Because the law was not clearly established that a reasonable prison official could have believed that the failure to respond to a toilet leak for almost three weeks was a sufficiently serious deprivation, this Court finds that Defendants are entitled to qualified immunity as to this portion of the deliberate indifference claim.

2. After July 23, 2008

Plaintiff also attributes his subsequent injury on August 4, 2008, to Defendants. He alleges that Defendants Sandoval and Sandquist "fail[ed] to timely place work order to Institution Plant Operations to maintenance [sic]" toilet leak. However, Plaintiff fails to provide evidence that Defendants Sandoval or Sandquist proximately caused the deprivation of a federally protected right. See Leer v. Murphy, 844 F.2d 628, 634 (9th Cir. 1988). A person deprives another of a constitutional right within the meaning of section 1983 if he does an affirmative act, participates in another's affirmative act or omits to perform an act which he is legally required to do, that causes the deprivation of which the plaintiff complains.
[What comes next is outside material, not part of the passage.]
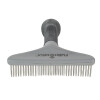 FURminator râteau de toilettage
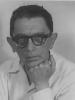 ermiloabreugomez.jpg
See id. at 633. The Ninth Circuit explained that to recover damages against a prison official in an Eighth Amendment claim, the plaintiff must prove "(1) that the specific prison official, in acting or failing to act, was deliberately indifferent to the mandates of the eighth amendment and (2) that this indifference was the actual and proximate cause of the deprivation of the [plaintiff's] eighth amendment right[s]. . . ." Id. at 634 (citations omitted). The causation inquiry focuses on "whether the individual defendant was in a position to take steps to avert" the harm to the plaintiff, as well as what "the duties, discretion, and means of each defendant" were at the time. Id. at 633-34.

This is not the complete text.